The state's new gun safety laws still rate a mention from secession proponents, but as part of a diffuse and in many cases poorly thought-out laundry list of grievances that vary from person to person. What binds them together is the willingness to break up the state of Colorado over these grievances–but you have to wonder if these aren't the kind of people who would propose radical solutions for, you know, just about anything.
Folks, we are straining to be polite about this. We have to admit that the absurdity of this whole business makes that difficult. As citizens of a state that we (and we hope our readers) love, from the mountains to the plains and even including those nasty, godless cities, we're starting to have a more emotive reaction to these radical idiots who happen to hold minor elected office seriously proposing to break up our great state. Our growing irritation with this nonsense is in direct proportion to the extent to which it is being taken seriously by the media.
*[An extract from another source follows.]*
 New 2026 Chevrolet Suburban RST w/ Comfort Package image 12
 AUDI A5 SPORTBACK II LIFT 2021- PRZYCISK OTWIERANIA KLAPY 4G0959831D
The fact is, Colorado's original boundaries are not going to change anytime soon. We can think of half a dozen better candidates for a "51st state," places like Washington, DC or Puerto Rico with far more legitimate cases to make for statehood. It's a simple fact that a huge majority of the state's population lives along the urban Front Range corridor, and rural counties are part of a state with an increasingly dominant urban electorate. The interdependency between urban and rural areas is significant, but there's just no way that 4,000 people in a rural county are ever going to "be equal" with 500,000 in any number of Front Range counties. As upsetting as that may be to that 13-year-old cowboy riding the carousel in Burlington, they shouldn't be.
In the end, we hope rural residents of our state are smart enough to see through this irresponsible waste of time concocted by unserious local politicians, and spend their energy on creating solutions instead of self-serving headlines.